**WORK TASK**
Repeat the stretch of entries below from the line with "Königsberger Hartungsche Zeitung" through the line with "SILVR BEAR Premium". Include both ends and add nothing.

**DATA EXTRACT**
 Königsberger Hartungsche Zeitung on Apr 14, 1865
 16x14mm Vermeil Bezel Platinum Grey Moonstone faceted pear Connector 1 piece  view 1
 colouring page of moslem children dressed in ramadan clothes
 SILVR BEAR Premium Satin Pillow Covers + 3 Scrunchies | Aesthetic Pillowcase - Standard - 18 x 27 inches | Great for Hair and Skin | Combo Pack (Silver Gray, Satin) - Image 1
--
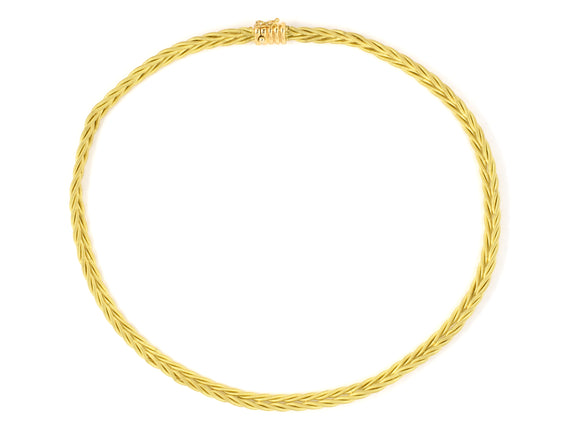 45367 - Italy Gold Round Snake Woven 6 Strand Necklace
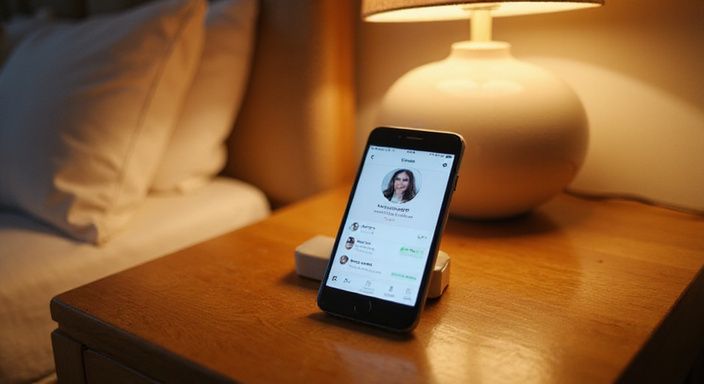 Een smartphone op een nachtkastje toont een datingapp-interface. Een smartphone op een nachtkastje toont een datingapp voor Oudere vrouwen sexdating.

**ANSWER SPACE**
 Königsberger Hartungsche Zeitung on Apr 14, 1865
 16x14mm Vermeil Bezel Platinum Grey Moonstone faceted pear Connector 1 piece  view 1
 colouring page of moslem children dressed in ramadan clothes
 SILVR BEAR Premium Satin Pillow Covers + 3 Scrunchies | Aesthetic Pillowcase - Standard - 18 x 27 inches | Great for Hair and Skin | Combo Pack (Silver Gray, Satin) - Image 1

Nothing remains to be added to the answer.